▶ _Your task_
Identify all lines below that hold "case" and collect them.

***

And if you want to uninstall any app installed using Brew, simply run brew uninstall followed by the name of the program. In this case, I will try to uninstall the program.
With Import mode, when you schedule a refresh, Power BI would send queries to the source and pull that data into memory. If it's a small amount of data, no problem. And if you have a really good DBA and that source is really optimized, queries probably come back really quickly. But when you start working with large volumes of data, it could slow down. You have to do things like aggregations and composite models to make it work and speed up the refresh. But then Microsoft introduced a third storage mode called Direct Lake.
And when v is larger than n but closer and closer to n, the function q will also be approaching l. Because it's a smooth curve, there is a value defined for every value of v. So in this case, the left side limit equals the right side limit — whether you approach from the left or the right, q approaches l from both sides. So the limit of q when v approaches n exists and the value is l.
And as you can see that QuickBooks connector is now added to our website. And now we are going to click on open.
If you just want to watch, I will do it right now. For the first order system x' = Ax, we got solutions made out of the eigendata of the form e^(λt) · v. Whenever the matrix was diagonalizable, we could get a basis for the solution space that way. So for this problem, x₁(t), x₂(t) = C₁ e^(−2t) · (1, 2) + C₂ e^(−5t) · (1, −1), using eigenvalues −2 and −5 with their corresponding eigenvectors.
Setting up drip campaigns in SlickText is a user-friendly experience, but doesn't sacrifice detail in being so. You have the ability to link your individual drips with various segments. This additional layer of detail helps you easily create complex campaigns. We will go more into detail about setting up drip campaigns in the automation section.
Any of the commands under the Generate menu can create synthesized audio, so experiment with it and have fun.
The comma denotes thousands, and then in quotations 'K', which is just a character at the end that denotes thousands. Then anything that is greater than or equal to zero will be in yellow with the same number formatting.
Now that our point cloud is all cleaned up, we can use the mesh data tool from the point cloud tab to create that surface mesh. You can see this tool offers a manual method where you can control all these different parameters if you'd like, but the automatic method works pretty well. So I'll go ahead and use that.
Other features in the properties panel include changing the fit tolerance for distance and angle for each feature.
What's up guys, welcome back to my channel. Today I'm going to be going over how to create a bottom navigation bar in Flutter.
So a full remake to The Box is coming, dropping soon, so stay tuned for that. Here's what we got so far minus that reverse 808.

***

▶ _Response area_
And if you want to uninstall any app installed using Brew, simply run brew uninstall followed by the name of the program. In this case, I will try to uninstall the program.
And when v is larger than n but closer and closer to n, the function q will also be approaching l. Because it's a smooth curve, there is a value defined for every value of v. So in this case, the left side limit equals the right side limit — whether you approach from the left or the right, q approaches l from both sides. So the limit of q when v approaches n exists and the value is l.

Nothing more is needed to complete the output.